Il en est de la solidarité parfaite comme de la justice absolue, de l’altruisme absolu, du monisme absolu. Ce sont là des concepts abstraits intraduisibles en termes réels. Chaque homme a son concept spécial de la solidarité, de la justice, sa façon à lui d’interpréter le fas et nefas en suite de ses intérêts de coterie, de classe, etc. « Dès qu’une idée est dissociée, dit M. Remy de Gourmont, si on la met ainsi toute nue en circulation, elle s’agrège en son voyage par le monde toutes sortes de végétations parasites. Parfois l’organisme premier disparaît, entièrement dévoré par les colonies égoïstes qui s’y développent.

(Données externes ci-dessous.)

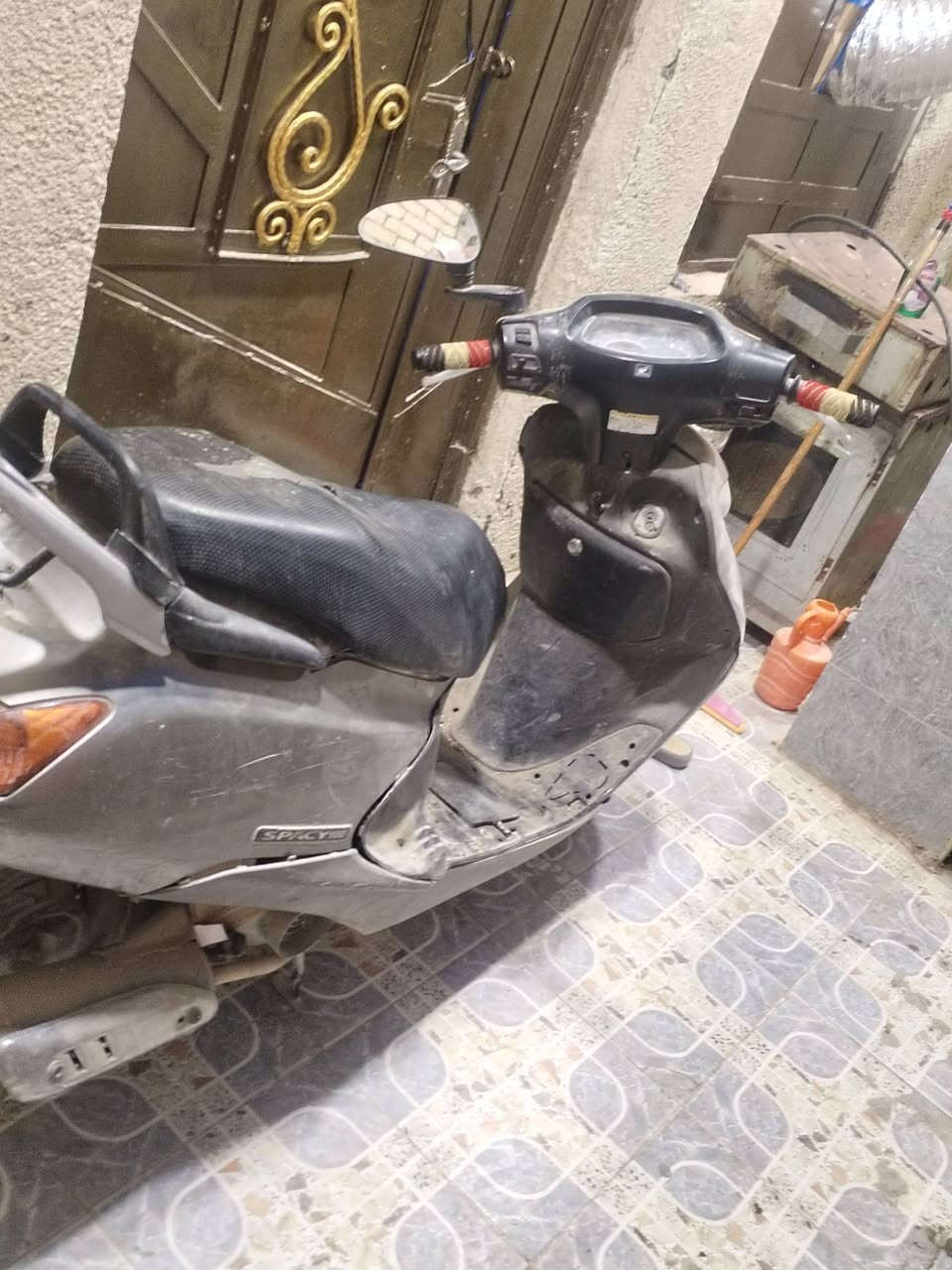 دراجة اسبيسي للبيع كوم حديد 75 متروكة اوحاليآ طافية ماعرف عطلهة شنو


**إذا كنت صاحب هذا الإعلان وتريد حذفه لأي سبب، رجاءا أرسل رسالة إلى الدعم الفني**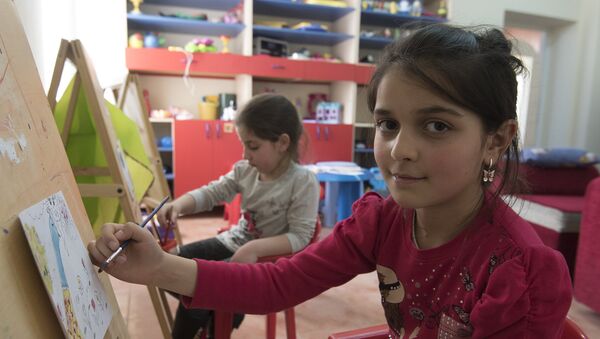 Асмик Вирабян. Дети присоединились к акции изготовления подарочных открыток, сделанных армянскими военнослужащими - Sputnik Армения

Un exemple fort amusant de ces déviations d’idées fut donné récemment par la corporation des peintres en bâtiment à la cérémonie dite du « triomphe de la république ». Les ouvriers promenèrent une bannière où leurs revendications de justice sociale se résumaient en ce cri « À bas le ripolin ! » Il faut savoir que le ripolin est une peinture toute préparée que le premier venu peut étaler sur une boiserie ; on comprendra alors toute la sincérité de ce vœu et son ingénuité. Le ripolin représente ici l’injustice et l’oppression ; c’est l’ennemi, c’est le diable. Nous avons tous notre ripolin et nous en colorions à notre usage les idées abstraites qui, sans cela, ne nous seraient d’aucune utilité personnelle[1]. »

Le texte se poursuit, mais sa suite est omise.